As the chapter proceeds, Losurdo underscores that Bonapartism is attractive because it offers certainty and coherence in times of crisis. When social conflicts threaten to overwhelm political institutions, the appeal of a strong, unifying leader becomes almost irresistible. Yet he warns that this comes at a steep price: the erosion of democratic culture and the infantilization of citizens, whose role is reduced to acclamation and passive consent.
In closing, Losurdo insists that genuine democracy requires more than universal suffrage. It demands institutionalized conflict, respect for minorities, and the preservation of countervailing powers that prevent any single force from claiming to speak exclusively for the people. He calls on readers to resist the Bonapartist impulse by defending pluralism and the complexity of democratic life—even when it is messy, inefficient, or frustrating.
Key Points from Chapter 7
- Bonapartism is a recurring dynamic, not just a historical anomaly.
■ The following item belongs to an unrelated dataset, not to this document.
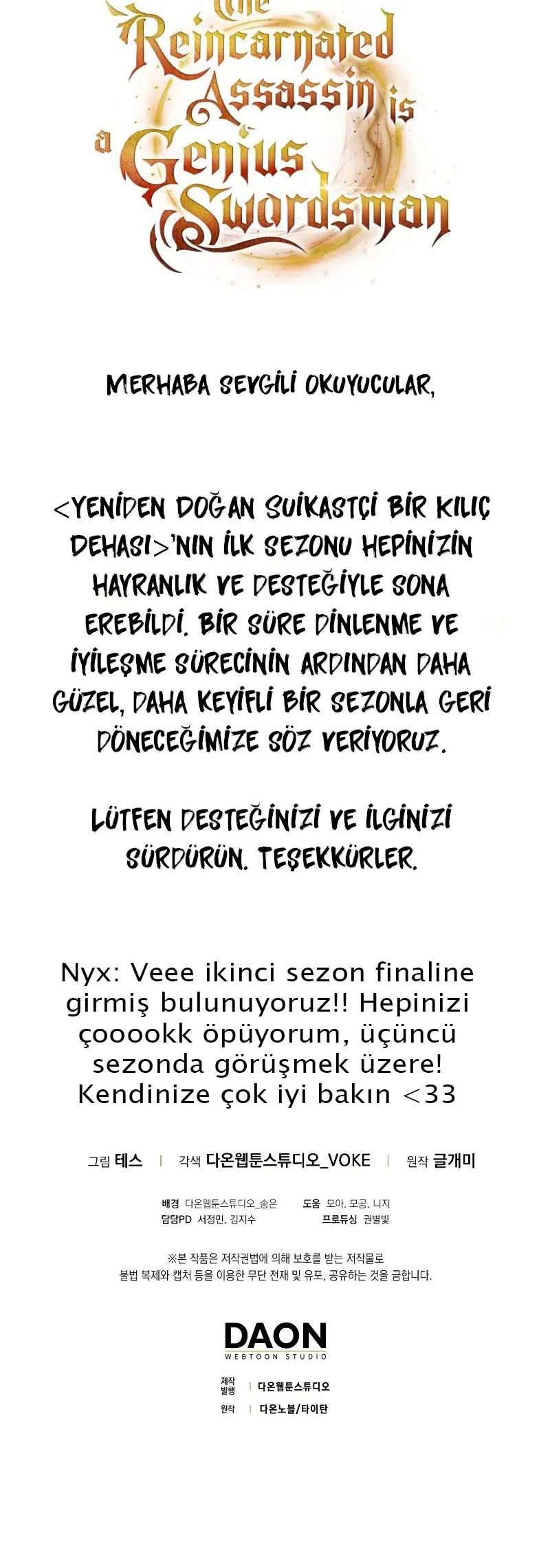 Yeniden Doğan Suikastçi Bir Kılıç Dehası - Bölüm 37 Sayfa 43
- Its core features are charismatic leadership, plebiscitary legitimation, and the suppression of intermediaries.
- Fascist regimes exemplified an extreme form of Bonapartism.
- Media technologies—then and now—enable direct leader-mass communication that undermines pluralism.
- The ideology of a unifying figure who embodies the general will has deep philosophical roots.
- Bonapartism thrives in crises because it promises clarity and order.
- True democracy requires institutional safeguards, respect for dissent, and acceptance of conflict.